Ton cas est un cas emblématique au sein de la SNCF, mais c’est la pointe avancée d’une politique de répression qui va au-delà de ton cas individuel. Quel est l’objectif de la direction en faisant tout ça ?

M : Oui, tout à fait. Il y a 400 cas de répression recensés au sein de la SNCF, 400 procédures disciplinaires ou pénales qui sont liées au mouvement du printemps dernier contre la loi Travail. Ce n’est donc pas un hasard qu’il y ait 400 cas de répression d’un coup, qui aboutissent en plus à des sanctions très lourdes comme ma radiation, ou 60 000 euros d’amende, ou des peines de prison avec sursis. Ou certains syndicalistes qui sont menacés de licenciement, ou qui ont un dernier avertissement, ce qui veut dire que pendant un an ils doivent faire attention à tout ce qu’ils disent parce que la boîte peut les licencier à n’importe quel moment. Mais si la boîte fait tout ça, si elle mène cette politique de répression lourde, c’est pour préparer le terrain des changements à venir. Dans nos réglementations à la SNCF, ils ont mis un peu de la loi El Khomri dedans, avec l’article 49 qui est une espèce d’inversion des normes version chemin de fer, qui leur permet de déroger aux règles de notre RH sous couvert de raisons économiques et de redescendre jusqu’à la convention de branche. À partir de là, tu te rends compte qu’il va y avoir des conflits. Et donc comment ils pourraient faire passer de telles attaques si ceux et celles qui sont à la pointe du combat, qui sont sur le terrain pour défendre les collègues, comme moi ou sans doute les 400 autres, sont là pour l’empêcher ? C’est ça leur objectif, car ce ne sont pas des militants de la CFDT qui sont victimes de la répression aujourd’hui. Si les plus durs se font casser les ailes, derrière ça va être plus facile pour la direction d’attaquer l’ensemble de cheminots.

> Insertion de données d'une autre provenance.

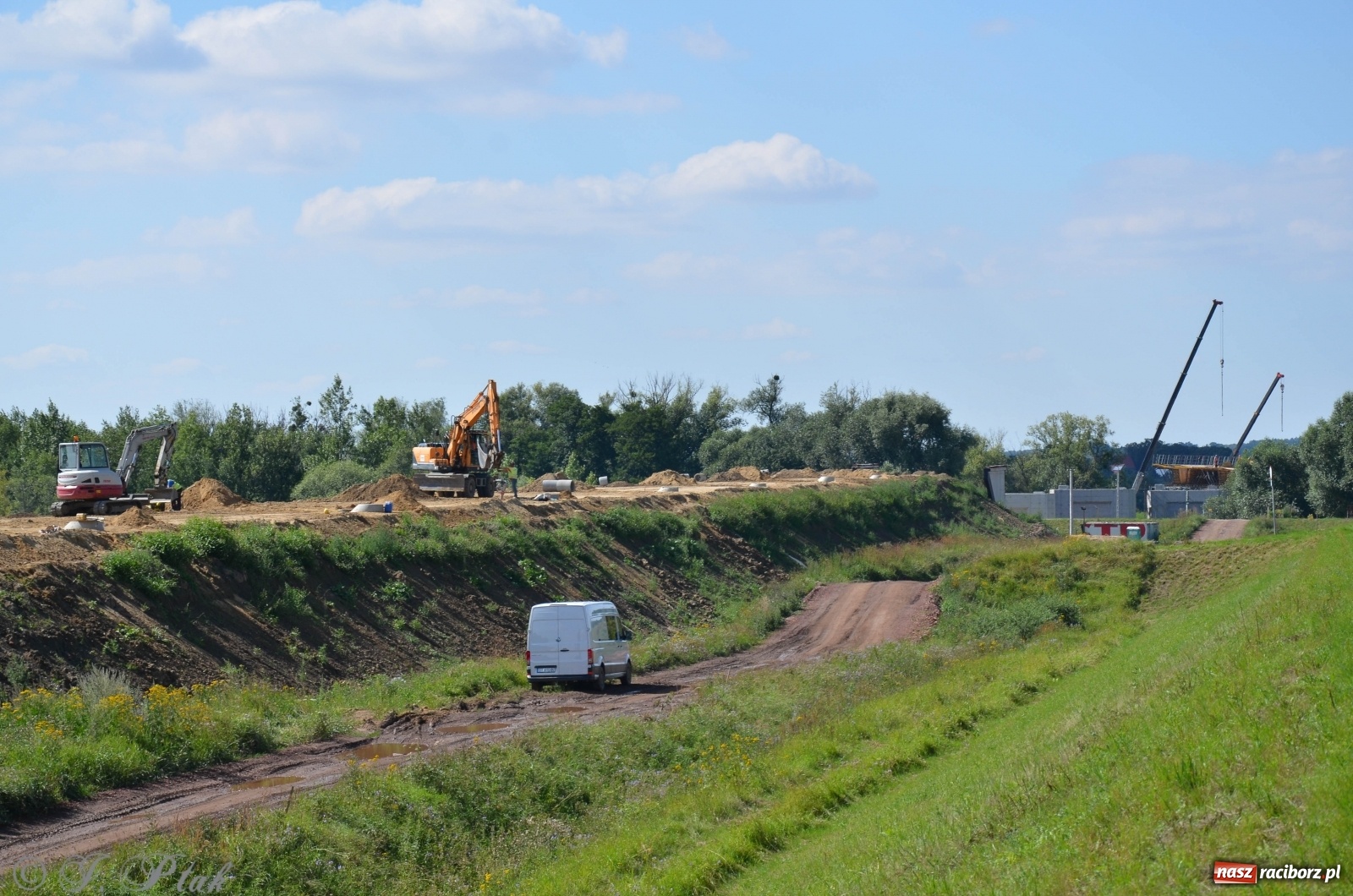 Zdjęcie w galerii na portalu naszraciborz.pl: Budowa wiaduktu nad linią kolejową w kierunku Markowic [FOTO] wiadomości z regionu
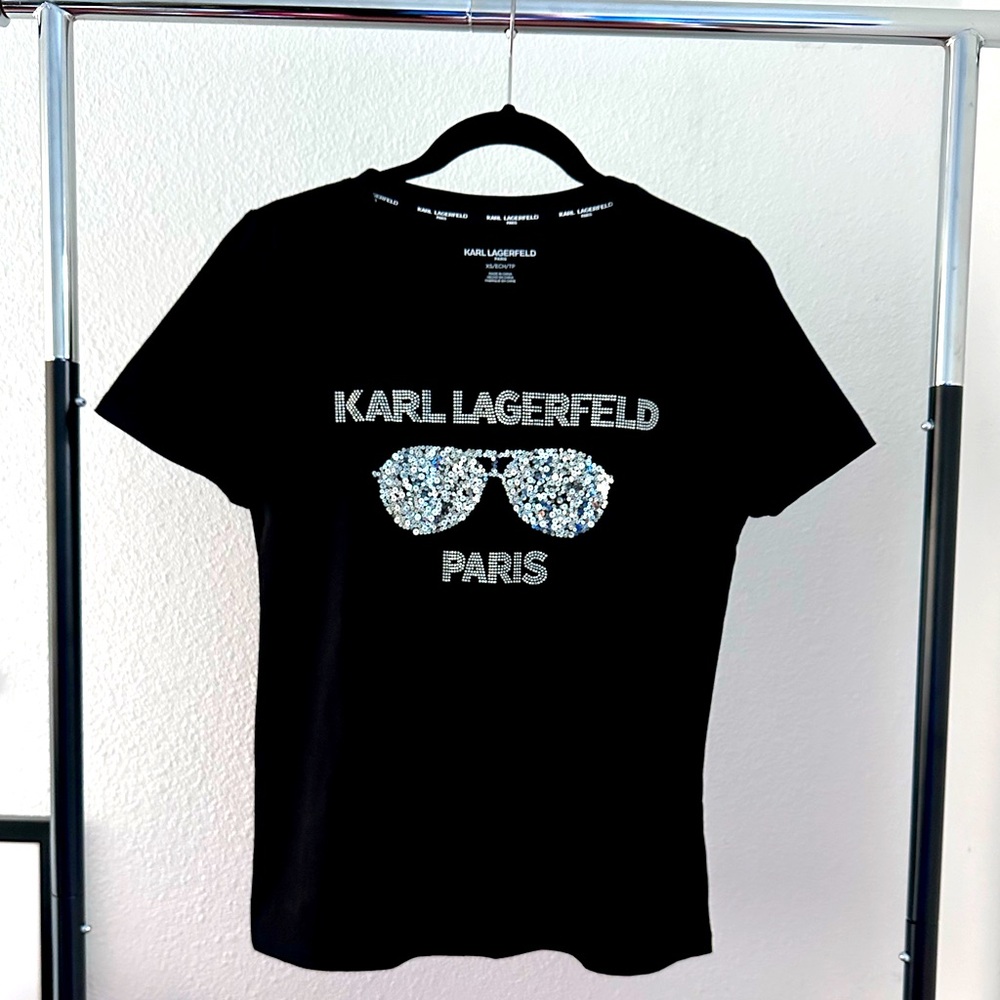Karl Lagerfeld top woman’s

Le 14 juin, on était des milliers dans la rue, tous ensemble, mais aujourd’hui on se fait emmerder chacun dans son coin. À un moment donné, il faut vraiment qu’on se rassemble, qu’on montre notre force en étant unis et solidaires. Le 19 et 20 octobre à Amiens, c’était un premier pas en ce sens, où on s’est tous rassemblés en cherchant à être ensemble, avec les nombreux témoignages et cas de répression qu’on a vu défiler sur scène. La convergence de luttes est fondamentale, au-delà des cheminots, il faut chercher à faire converger les différents secteurs. Le 11 janvier il y a une nouvelle journée de mobilisation à Amiens pour la relaxe des Goodyear, mais c’est aussi une journée de mobilisation où on peut tous se rassembler. Il faut qu’on soit nombreux à nouveau, c’est une manière de dire au gouvernement qu’on ne se laissera pas faire, qu’on ne laissera pas les militants aller en taule, qu’on ne laissera pas les violences policières et la répression impunies, que ce soit les jeunes dans les quartiers ou les syndicalistes dans les boîtes, il faut vraiment qu’on se réunisse, qu’on lutte ensemble.